Description of the task> Your task is to retype, exactly and only, the lines from the one containing "Chinese Fresh Fruits FUJI Apples New Crop" to the final line of the entries, leaving out all pictures.

══════════════════════════════

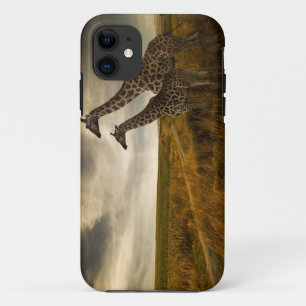 Capa Para iPhone 11 Girafas e a paisagem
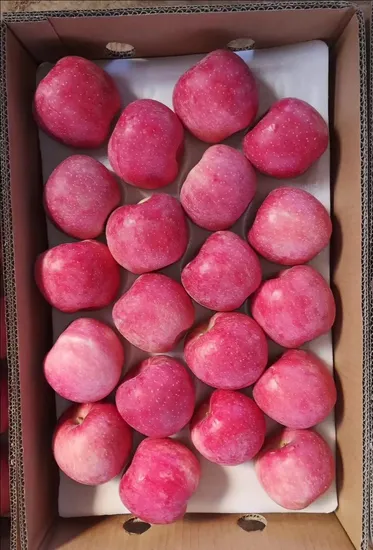 Chinese Fresh Fruits FUJI Apples New Crop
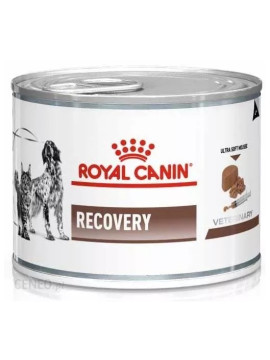 Royal Canin Veterinary Diet Recovery puszka 195g
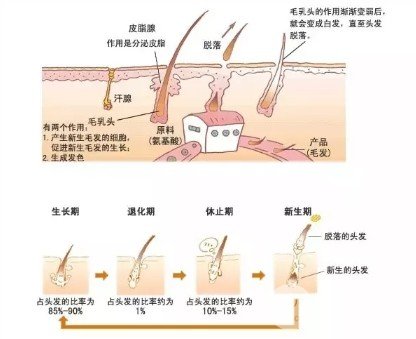 植发手术后多久开始生长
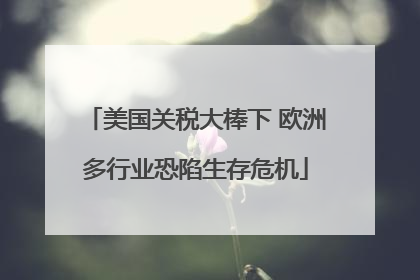 美国关税大棒下 欧洲多行业恐陷生存危机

══════════════════════════════

Answer box>
 Chinese Fresh Fruits FUJI Apples New Crop
 Royal Canin Veterinary Diet Recovery puszka 195g
 植发手术后多久开始生长
 美国关税大棒下 欧洲多行业恐陷生存危机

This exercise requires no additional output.